Masih setengah sadar, aku menggumam, “hmmm”.
Nuha mengulang pertanyaan yang sama dan kemudian melanjutkan, “Pilih salah satu”.
Sontak aku terbangun. Kalimat yang terakhir yang meluncur dari mulut mungilnya membuatku segera tersadar meski mata terasa pedas. “Kenapa, mbak?” aku membalas bertanya.
“Kalau ayah tenis (biasanya aku bermain tenis di Sabtu pagi), ayah gak boleh bridge karena ngantar aku ke Indomaret setelah balet, tapi kalau ayah bridge, ayah gak boleh tenis karena ngantarnya pagi aja, yah …”
***
Aku terhenyak bukan karena kesulitan memilih jawaban. Tetapi, kalimat yang disampaikan Nuha, pilih salah satu, adalah kalimat yang biasa aku gunakan bila putriku itu mulai merengek-rengek banyak permintaan.
Persis sama. Intonasi serta susunan kata-katanya.
Sengaja aku menggunakan kalimat itu, meski sebenarnya bisa saja memenuhi semua rengekan. Sengaja aku menggunakannya karena bukankah kehidupan ini belum tentu dapat memenuhi semua permintaan kita. Sengaja aku menyampaikan hal itu semata karena ingin mengajari sang buah hati agar belajar untuk memilih. Sengaja mengajarinya sejak dini, bahwa kelak, dia harus memilih, karena tak semua keinginan bisa dilakukan semua secara serempak. Sebagaimana bapak mengajariku selama ini bahwa hidup adalah pilihan-pilihan berkonsekuensi.

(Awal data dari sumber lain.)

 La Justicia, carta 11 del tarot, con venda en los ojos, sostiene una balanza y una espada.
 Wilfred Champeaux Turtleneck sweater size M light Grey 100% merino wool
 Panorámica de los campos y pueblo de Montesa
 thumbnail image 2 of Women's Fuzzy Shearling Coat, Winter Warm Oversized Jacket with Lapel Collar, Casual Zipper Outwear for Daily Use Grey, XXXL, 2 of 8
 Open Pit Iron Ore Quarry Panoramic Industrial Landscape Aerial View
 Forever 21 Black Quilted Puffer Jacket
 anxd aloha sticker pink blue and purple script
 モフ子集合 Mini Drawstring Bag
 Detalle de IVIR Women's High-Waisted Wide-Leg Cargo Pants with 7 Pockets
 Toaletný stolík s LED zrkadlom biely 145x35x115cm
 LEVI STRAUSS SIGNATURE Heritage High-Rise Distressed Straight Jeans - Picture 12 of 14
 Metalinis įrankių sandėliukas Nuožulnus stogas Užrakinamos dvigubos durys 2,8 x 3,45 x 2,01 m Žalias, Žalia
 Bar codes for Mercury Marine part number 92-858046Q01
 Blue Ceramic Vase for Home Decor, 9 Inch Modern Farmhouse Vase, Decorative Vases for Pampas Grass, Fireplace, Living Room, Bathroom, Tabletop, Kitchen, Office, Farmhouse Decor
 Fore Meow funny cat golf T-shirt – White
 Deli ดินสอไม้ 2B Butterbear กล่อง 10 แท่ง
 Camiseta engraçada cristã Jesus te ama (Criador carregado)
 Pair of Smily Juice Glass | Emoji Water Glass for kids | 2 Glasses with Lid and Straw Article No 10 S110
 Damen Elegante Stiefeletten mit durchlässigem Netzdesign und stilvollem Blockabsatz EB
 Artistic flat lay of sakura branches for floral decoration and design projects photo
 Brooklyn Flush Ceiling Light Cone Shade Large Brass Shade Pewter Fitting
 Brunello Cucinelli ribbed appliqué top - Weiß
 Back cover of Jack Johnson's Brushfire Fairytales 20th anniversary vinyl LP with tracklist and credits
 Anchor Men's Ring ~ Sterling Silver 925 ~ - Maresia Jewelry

Dan kini Nuha menggunakannya dengan cara yang sama. Dengan cara yang tidak disadarinya, Nuha justru mengingatkan aku kembali tentang hidup adalah pilihan-pilihan berkonsekuensi. Sungguh, aku bersyukur dikaruniai mereka-mereka yang (telah dan tengah mencoba) memahami pilihan-pilihan yang telah aku buat selama ini sembari pula aku menengadahkan tangan, memohon agar diberikan kekuatan untuk mampu memilih dan menanggung segala konsekuensi atas pilihan itu.